Compensation to clubs for players was introduced through EPPP as a structured matrix of costs and expenses. When we introduced compensation, typically a Premier League club would receive about £35m at the beginning of the season for its right to compete in the league. My understanding now is that the figure is closer to £135m.

So there has been an exponential increase in the wealth of the clubs at the top of the system, yet compensation hasn’t moved and is now completely inadequate. I think the game should look at maybe retrospectively index-linking the compensation system to TV deals or, if not, re-introduce some element of jeopardy.

The game is like a graphic equaliser (that probably dates me) and you are constantly having to re-tune things. I feel that compensation has got out of tune over the period of the last 10 years.

The world is not asleep. There are development projects and ambitions for nations all over the world. The idea that we in England have cornered the market for youth development would be a mistake. Over the last 12 months, through Fifa, we have analysed 205 nations through a global ecosystem analysis.

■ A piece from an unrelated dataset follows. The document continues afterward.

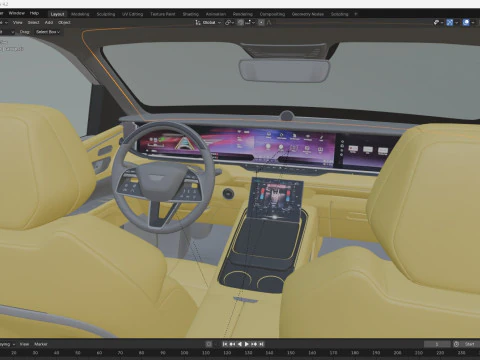2025 Cadillac ESCALADE IQ 3D Model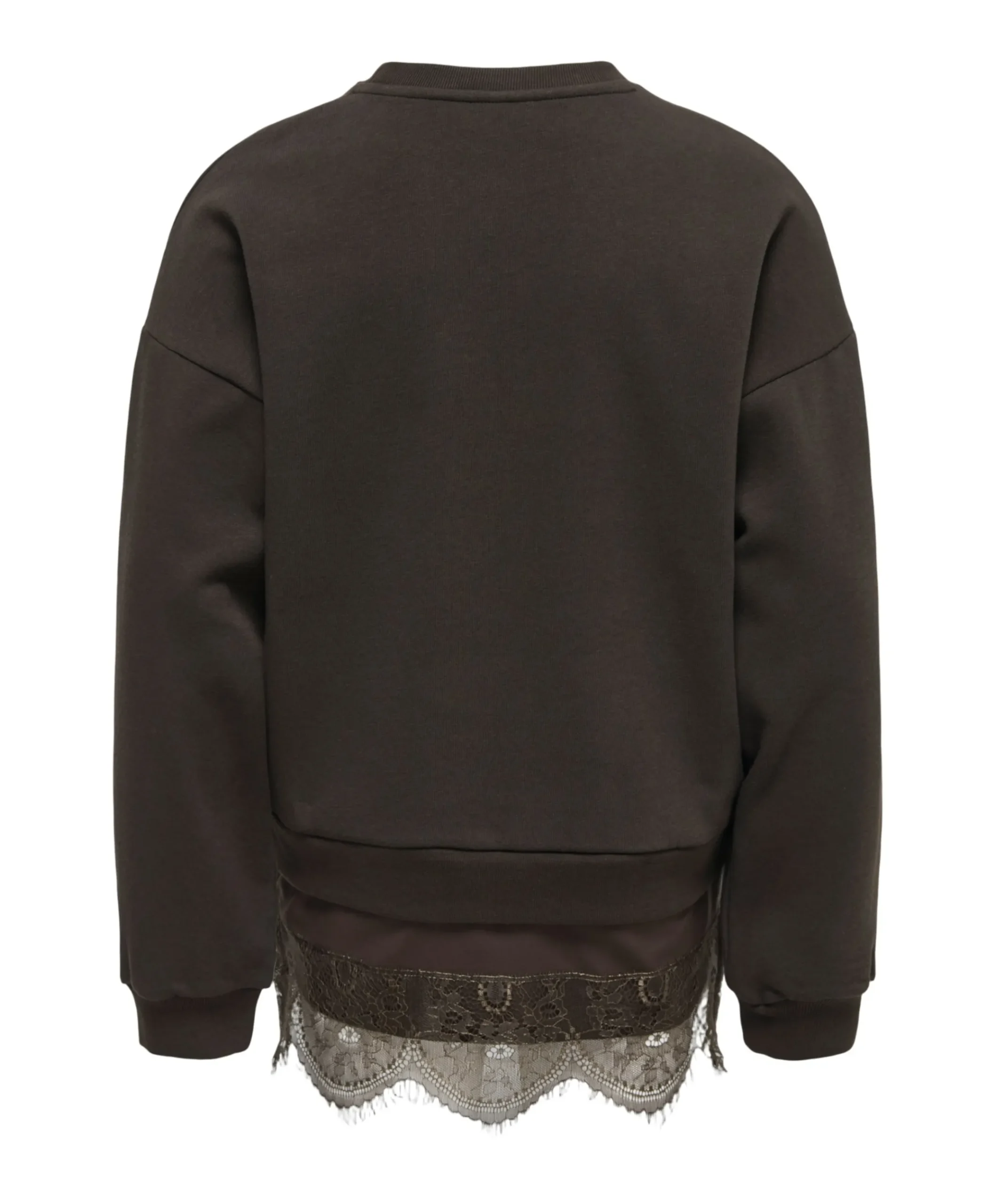Meisjes sweater bruin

The 2020 Global Competitive Balance Report indicates some of the trends and ideas that are developing across the global game. I started by talking about an existential crisis in English football. Well, those conversations have been repeated in different places.

I recently read an article referring to (Chelsea Head of Youth Development)Neil Bath's Mission 2030. This is a guy who is constantly looking forward, he is relentless in the way he is looking for the next edge and opportunity, and is the embodiment of the type of youth developers that grabbed hold of EPPP and drove it and turned it into the environment we live and work in today.

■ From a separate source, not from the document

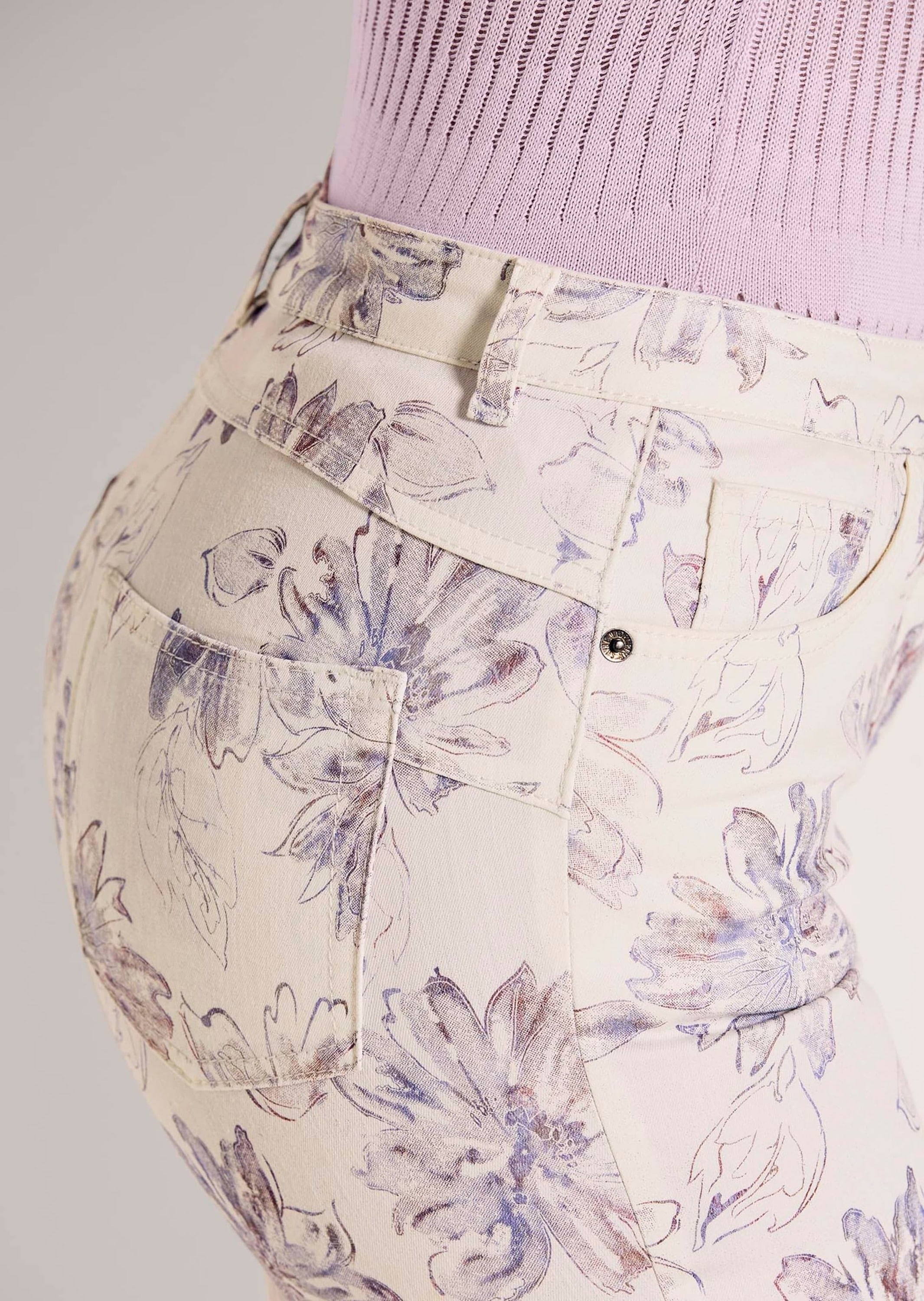 MADELEINE Chinos »Druckhose Schlanke Hose mit Unikat-Print«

Six challenges for the future game

There are six challenges I would like to place on record for the future game:

  • 1. Let’s improve coach education, which is an ongoing process.
  • 2. Let’s make sure we build a pipeline for our coaches. We have outstanding, talented coaches. Say it and repeat it. And when our executives are repeating it back to us then we will start to see young English coaches getting the top jobs in our game.
  • 3. We have a responsibility to join up the gaps. Yes, we have a network of unbelievable facilities and environments at Category One, but look at Category Three, grassroots, the lack of regional centres and remember the opportunity that is there for the women’s game. Draw those things together and they could be part of the next wave of development for EPPP or whatever it becomes known as next.
  • 4. We need to lead and not follow the next technical and tactical innovations in the game. We have been privileged and spoilt by the arrival of the likes of Jurgen Klopp and Pep Guardiola, they have helped to shape our game, but we have to step up and start to drive some of those initiatives ourselves as well.
  • 5. Will we ever sort the issue of agents and the movement of players? I don’t know, but I'd like to think we can.
  • 6. Let’s not wait for the next crisis. If things are good right now, let’s surf the wave while we can, let’s not wait for another Bloemfontein to galvanise ourselves. Let’s stick together and keep the momentum moving.

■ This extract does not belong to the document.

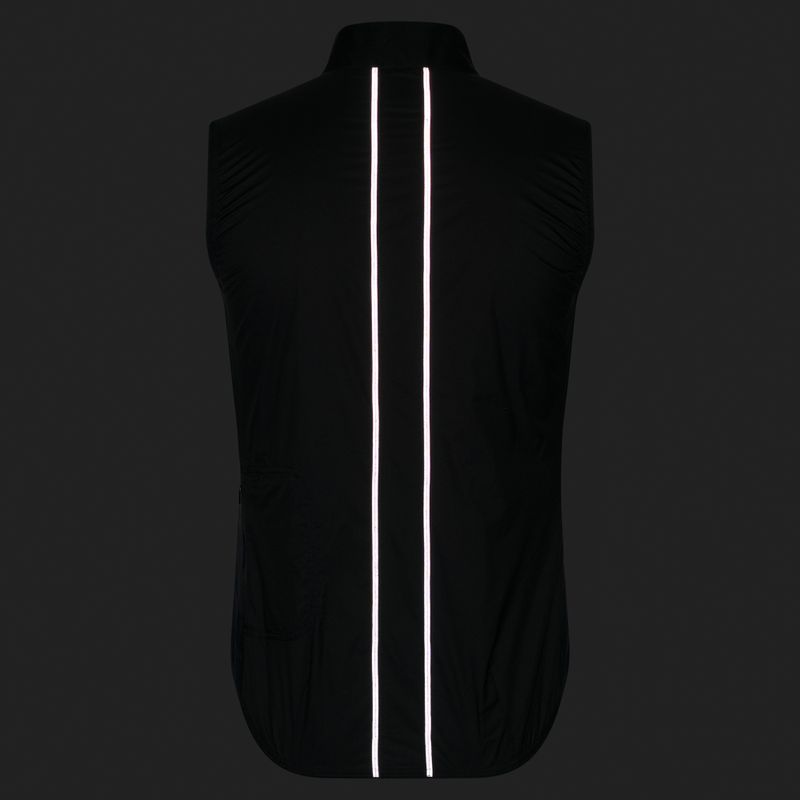 Men's cycling vest Rapha Brevet Element Wind Gilet black/grey 8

And these are the challenges I'd lay down for the developers:

  • 1. Stay curious.
  • 2. If you can, smooth out those development cycles.
  • 3. Be relentless and innovative, but also recognise that player development is a long-term process. We have to take a mindset of rushing slowly.
  • 4. Be ready to drive change, or change will drive you. We can’t be complacent.
  • 5. Remember the joy! We all got into this game because of the joy and love of it. Even in the difficult moments, smile. The players you are working with are watching you and they respond to you. We are privileged to work in this environment.

Thank you and have a happy and healthy Christmas.